Labarca, desde luego, idealiza a la figura del cleptómano internacional nativo, y puesto que ostenta el título de abogado sabe muy bien las diferencias entre crímenes (presidio mayor a perpetuo), simples delitos (prisión o breve privación de libertad) y faltas (se castigan con multas). El Flecha, huelga decirlo, se mueve entre las dos últimas infracciones penales y detenta una capacidad innata para el liderazgo, o sea, formar equipos y deshacerlos apenas las cosas se ponen peliagudas. Y se mueve en escenarios extranjeros que Labarca, quien fue por largos años traductor de las Naciones Unidas, conoce muy bien y describe con naturalidad, sin pedantería ni pintoresquismos innecesarios: Ginebra, el borde fronterizo con Francia, numerosas ciudades de España, otras tantas de Portugal, para retroceder o avanzar en el tiempo de manera de entregarnos la accidentada y a ratos heroica carrera del Flecha.

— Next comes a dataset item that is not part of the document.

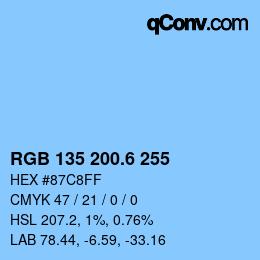 カラーコード: RGB 135 200.6 255 | qconv.com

En realidad, Los 50... tiene una pluralidad abrumadora, imposible de recordar, de actores que pueblan estas páginas, pero el único personaje genuino que queda en la memoria, quizá el único protagonista, es el Flecha. Aunque el libro está escrito en tercera persona, es como si lo estuviera en primera, ya que el centro absoluto e indiscutible de la historia es el Flecha. Los demás son comparsas, acompañantes o camaradas pasajeros en las andanzas de Elías y esto, a la larga, podría traducirse en un grado de uniformidad del relato; sin embargo, Labarca sortea ese riesgo con la misma competencia con la que el Flecha lleva a cabo sus fechorías o bien recurriendo al infalible método de acumular episodios tras episodios. Así, el anecdotario de Los 50... resulta continuo, inagotable, siempre diverso.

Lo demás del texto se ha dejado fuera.